Während die Klage gegen Deutschland von Befürwortern palästinensischer Rechte auf der ganzen Welt weithin begrüßt wurde, wiesen viele auch darauf hin, dass – wie es Michael Paarlberg, Assistenzprofessor für Politikwissenschaft an der Virginia Commonwealth University ausdrückte – Nicaragua „vielleicht nicht der beste Kläger für die Erhebung von Anklagen von Menschenrechtsverletzungen sei“.

In seinem jüngsten Jahresbericht über Nicaragua stellt Human Rights Watch fest , dass „die Regierung von Präsident Daniel Ortega und seiner Frau, Vizepräsidentin Rosario Murillo, ihre systematische Unterdrückung gegen Kritiker, Journalisten und Menschenrechtsverteidiger verschärft hat. Dutzende willkürlich inhaftierte Menschen bleiben hinter Gittern."

Als die UN-Menschenrechtsexpertengruppe für Nicaragua am Mittwoch ihren eigenen Bericht veröffentlichte, sagte ihr Vorsitzender Jan Simon, dass Ortega, Murillo und andere Spitzenbeamte „von der internationalen Gemeinschaft zur Rechenschaft gezogen werden sollten, ebenso wie Nicaragua als Staat, der gegen das eigene Volk vorgeht und sich gegen Universitätsstudenten, indigene Völker, Menschen afrikanischer Abstammung, Campesinos sowie Mitglieder der katholischen Kirche und anderer christlicher Konfessionen richtet.

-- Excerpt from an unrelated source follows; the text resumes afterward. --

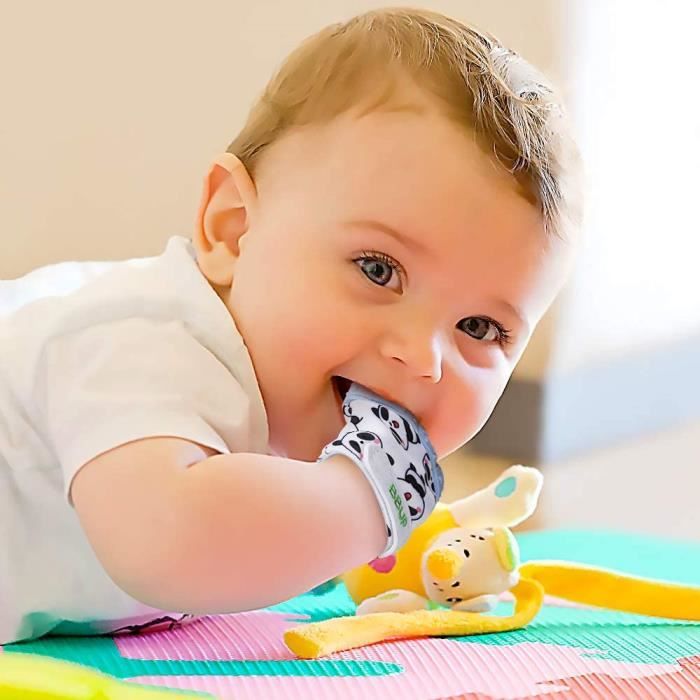 Bébé Moufle de dentition, 2pcs gants de dentition de la  douleur-auto-apaisant mitaine de dentition, 3-12 mois, Bleu - Cdiscount  Puériculture & Eveil bébé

Die Klage Nicaraguas beim Weltgerichtshof, wie er auch genannt wird, erfolgt, da israelische Streitkräfte über 30.200 Palästinenser in Gaza getötet und 71.000 weitere verletzt haben. Die meisten der 2,3 Millionen Einwohner der von der Hamas regierten Enklave sind vertrieben. Sie sind mit einer zerstörten zivilen Infrastruktur und einer begrenzten Versorgung mit Nahrungsmitteln, Wasser und Medikamenten konfrontiert, da Israel die humanitäre Hilfe einschränkt. Kinder verhungern.

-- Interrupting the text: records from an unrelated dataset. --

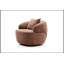 Canapé courbé pivotant à 360 ° de style Mid-Century moderne, canapé 1 place avec tissu bouclé et rembourrage épais-931659416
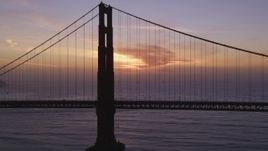 5K aerial stock footage approach and fly over the Golden Gate Bridge in San Francisco, California, twilight Aerial Stock Footage | DFKSF14_029
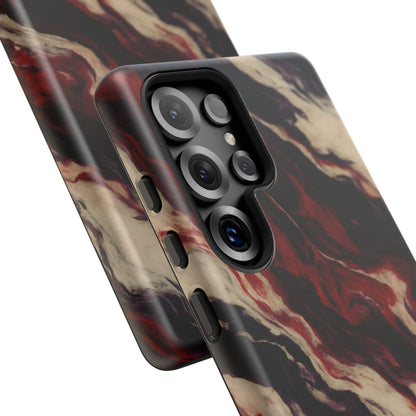 NecroGrip “Fascia” impact-resistant phone case with red, bone, and black marbled streaks, abstract muscle-like pattern on a slim dual-layer shell.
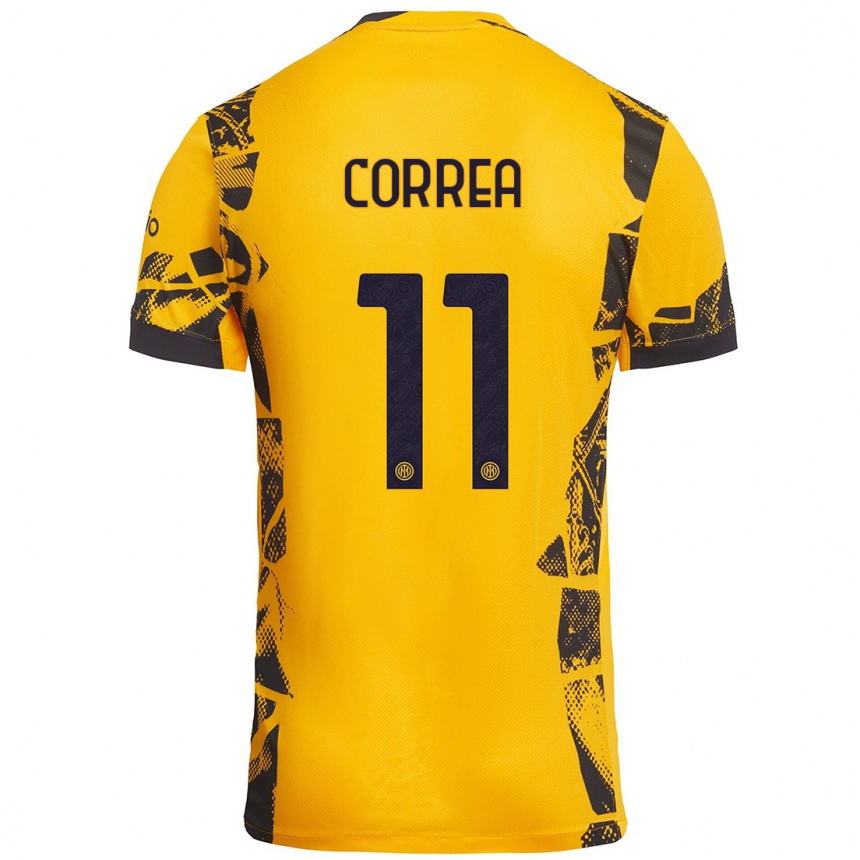 Enfant Football Maillot Joaquín Correa #11 Doré Noir Troisieme 2024/25 Canada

Der Schritt des mittelamerikanischen Landes folgt darauf, dass Anwälte in Deutschland, die palästinensische Familien vertreten, letzte Woche vor dem Bundesgericht hochrangige deutsche Beamte, darunter Bundeskanzler Olaf Scholz, wegen „Beihilfe“ zum israelischen Völkermord verklagten.

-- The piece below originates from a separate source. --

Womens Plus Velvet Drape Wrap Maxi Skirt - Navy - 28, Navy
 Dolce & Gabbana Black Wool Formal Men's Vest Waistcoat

Francis Boyle, Professor am College of Law an der University of Illinois, sagte dem jordanisch-palästinensischen Schriftsteller Sam Husseini, dass Nicaraguas Antrag „zu Klagen vor dem Weltgerichtshof wegen Beihilfe zum israelischen Völkermord an den Palästinensern, einer Dringlichkeitsanhörung vor dem Weltgerichtshof, einer weiteren Runde von mündlichen Verhandlungen und neuen vorläufigen Schutzmaßnahmen zugunsten der Palästinenser führen könnte.“

Neue vorläufige Maßnahmen würden zur Durchsetzung an den UN-Sicherheitsrat gehen – wo die USA über ein Vetorecht verfügen – und „falls dies nicht gelingt, an die Generalversammlung der Vereinten Nationen zur Durchsetzung im Rahmen der Uniting for Peace-Resolution (1950).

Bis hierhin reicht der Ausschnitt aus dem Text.